Learn

In the last exercise, we learned how to simulate a dataset for a Chi-Square test, run the test, and then output a result: ‘significant’ or ‘not significant’. In this exercise, we’ll repeat that process many times so that we can inspect the relative frequency of each outcome.

To do this, we’ll start by creating an empty list to store the results of our repeated experiments. Next, we’ll move all of our simulation code (to create a sample dataset, run a Chi-Square test, and determine a result) inside of a for-loop. In each iteration of the loop, we’ll append the outcome to our results list so that we can inspect it later.
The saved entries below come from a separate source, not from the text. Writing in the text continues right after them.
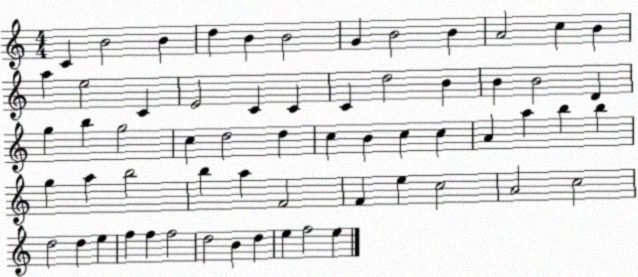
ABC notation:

X:1
T:Untitled
M:4/4
L:1/4
K:C
C B2 B d B B2 G B2 B A2 c B a e2 C E2 C C C d2 B B B2 D g b g2 c d2 d c B c c A a b b g a b2 b a F2 F e c2 A2 c2 d2 d e f f f2 d2 B d e f2 e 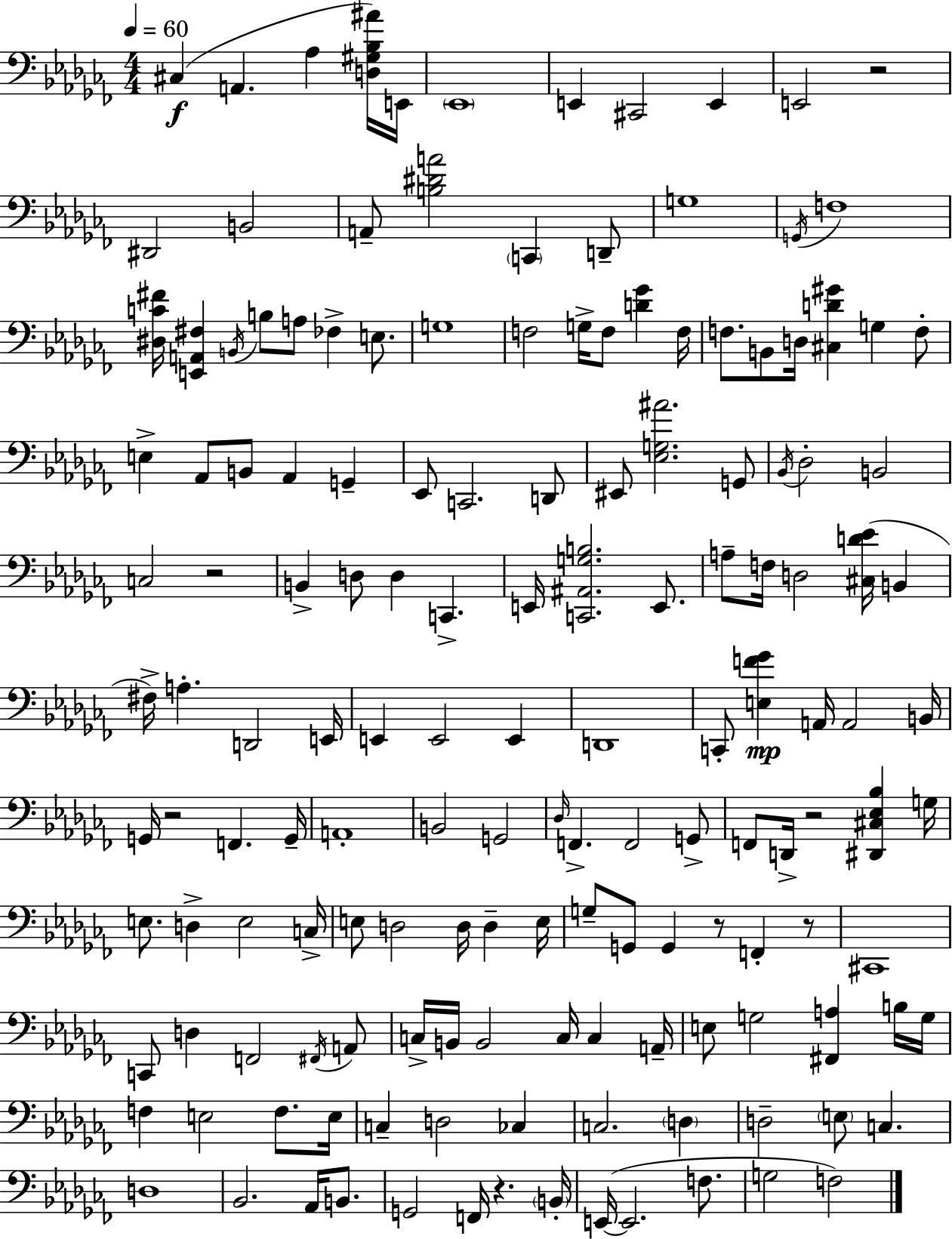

The outline of the code looks something like this:

``````Set the sample size and subscription probabilities
Create an empty list named `results`

Repeat 100 times in a for-loop:
Simulate a dataset
Run a Chi-Square test
Use the p-value to determine significance
Append the result ('significant' or 'not significant') to `results```````

Finally, we can inspect `results` by calculating the proportion of simulated tests where the result was `'significant'`:

``````results =  np.array(results)
print(np.sum(results == 'significant')/100)``````

### Instructions

1.

In script.py, we’ve copied over the code from the previous exercise and moved the simulation inside a for-loop as described in the narrative. We’ve also initialized an empty list named `results`.

Below the determination of `result`, but still inside the for-loop, add a line of code to append `result` onto `results`.

2.

Outside of the for-loop, add a line of code to print the proportion of `results` that are `'significant'`. Press “Run” a few times (note: you’ll see slightly different numbers each time because this is a random process). Approximately what proportion of the results were significant (would have led us to switch to the new, name email subject)?